At 16, it was too much. Rigo told his cycling team that he would either have to turn pro or quit and go back to selling lottery tickets. Technically, he was too young to become a professional. To get around that fact, the team offered his mother the contract. Three years later, Rigo traveled to Europe for the first time to race for a small Italian team.
He has never looked back. An Olympic silver medal and podium finishes at the Giro d’Italia and the Tour de France are highlights from his illustrious career. Rigo is still a contender. Last year he won stage 17 of the Vuelta, completing his trifecta of stage wins in each of the grand tours, and was a force in the autumn classics.
Rigo continues to inspire his teammates and a whole generation of cyclists with his laid-back, fun-loving approach to the sport.
When Stefan Bissegger was ten, he signed up for a bike race in his home village in Switzerland. He just didn’t know that he needed a racing bike. The organizer, an old pro, called him and said he could borrow one. He is still Stefan’s coach.
Stefan had fun at the race. Soon he was dreaming of winning classics like Paris-Roubaix and the Tour of Flanders. He was good at time-trials and long solos and wanted to become the kind of racer who could ride away from all of his rivals on the Oude Kwaremont.
After a stellar few years in the juniors, Stefan came to our team in 2020. He had a breakthrough season in 2021, with time-trial victories at Paris-Nice and the Benelux Tour and an outstanding solo stage win at his home race: the Tour de Suisse. To cap it all off, he participated in his first Olympics on the track with the Swiss team-pursuit squad.
Last year, Stefan won the European time trial championships, the TT at the UAE Tour, and a rainbow jersey in the mixed relay at the world championships.
He had a difficult start to this season, breaking his wrist right before his favorite race of the year: Paris-Roubaix. He is back on his bike though. And he is only going to get faster.
If Stefan wasn’t a racer, he would be a bike mechanic. He likes tinkering with the set-up of his SuperSlice and testing his position until it is as aero as possible.
Magnus Cort is one of cycling’s most respected professionals—a ruthless finisher who can climb and time trial. His rivals know he can win on almost any terrain and will push himself to great lengths when he sees an uncrossed finish line. At the end of a long, hard race, no one in the peloton wants to sprint against Magnus.
Magnus’s competitive spirit thrust him away from home when he was only 16. He had only been racing for a few years, when he moved from Bornholm, the windswept Danish island in the Baltic Sea where he was born and raised, to the Danish mainland to try to turn pro. Now in his ninth World Tour season, Magnus’ will to win is as strong as ever. In 2022, he won a stage of the Tour de France and led the King of the Mountains competition for seven stages.
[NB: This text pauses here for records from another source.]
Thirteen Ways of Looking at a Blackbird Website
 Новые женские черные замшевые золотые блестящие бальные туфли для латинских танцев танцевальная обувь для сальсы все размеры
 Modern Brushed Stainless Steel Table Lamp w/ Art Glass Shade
He started 2023 right where he left off. First he won two stages and the points competition at the Volta ao Algarve. Then, he won a stage at the Giro and completed his trifecta, with stage wins in all three grand tours. In all, Magnus has 26 victories to his name, including six stages of the Vuelta, two from the Tour de France, and now one from the Giro.
But cycling has always been about more than winning to Magnus. Ever since he was a kid, he has used his bike to explore. On Bornholm, Magnus would roam the dunes and rocky cliffs by the coast and explore the woods inland. His favourite rides are still long spins through the forest. When he has time off, Magnus will go hiking or ski touring in the mountains near his home in Andorra. Magnus has climbed Kilimanjaro with his mom and dad and his brother and sister. He goes back to Bornholm whenever he can and enjoys trekking across the island. Before long, he yearns to go racing again though.
To Magnus, nothing compares to sprinting across a finish line and throwing up his arms.